_Collected material_
<<<<
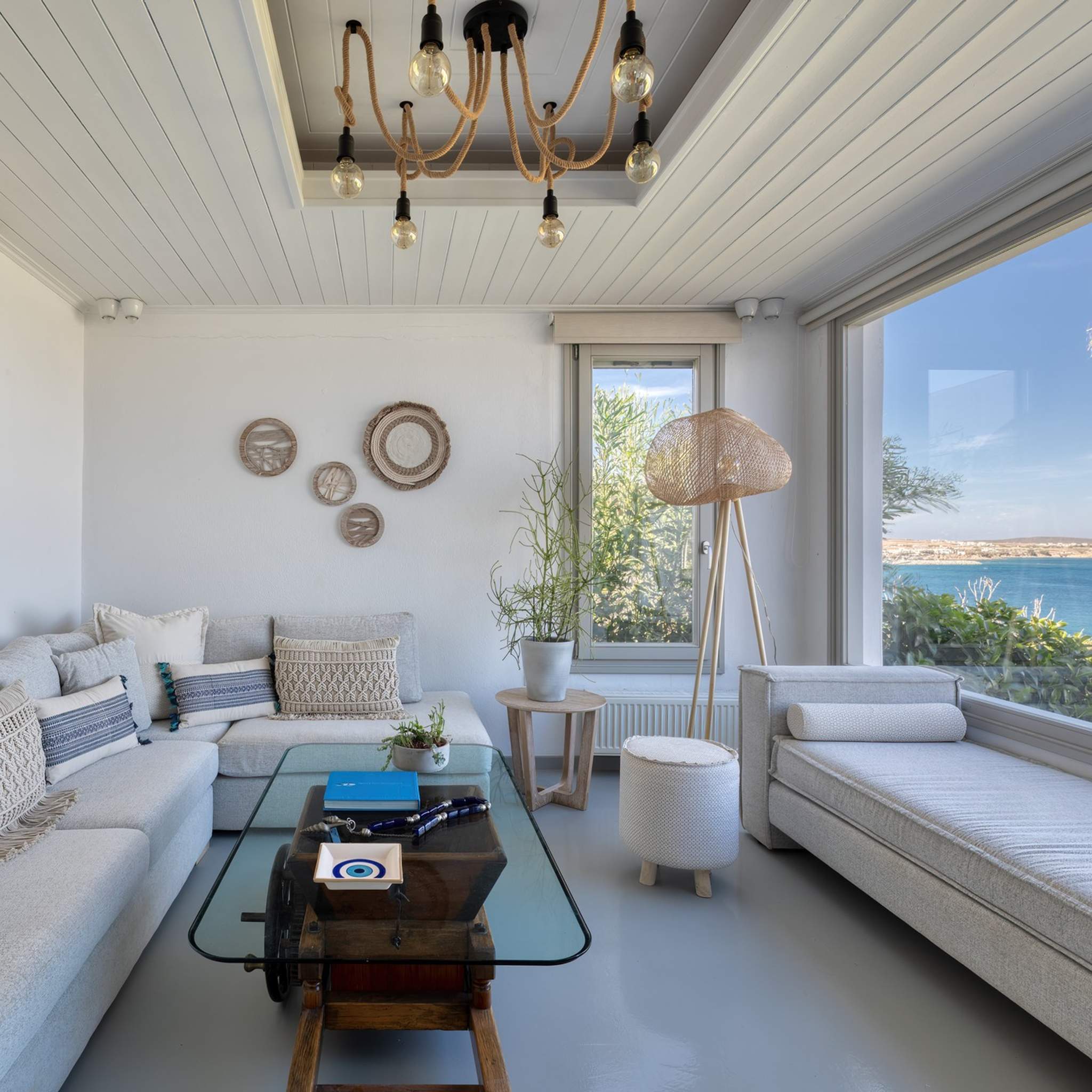 Agia Thalassa. Bask in the serenity of our bright living room, where the view of the clear blue sky invites you to embrace the beauty of each new day.
.
#AmalgamHomes #ArtOfComfort #GreekIslands #CycladesMagic #VisitGreece #DiscoverGreece #Paros #Naxos #Mykonos #Tinos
>>>>
_Work instructions_
Omit pictures and output the listing exactly.

_Task solution_
 Agia Thalassa. Bask in the serenity of our bright living room, where the view of the clear blue sky invites you to embrace the beauty of each new day.
.
#AmalgamHomes #ArtOfComfort #GreekIslands #CycladesMagic #VisitGreece #DiscoverGreece #Paros #Naxos #Mykonos #Tinos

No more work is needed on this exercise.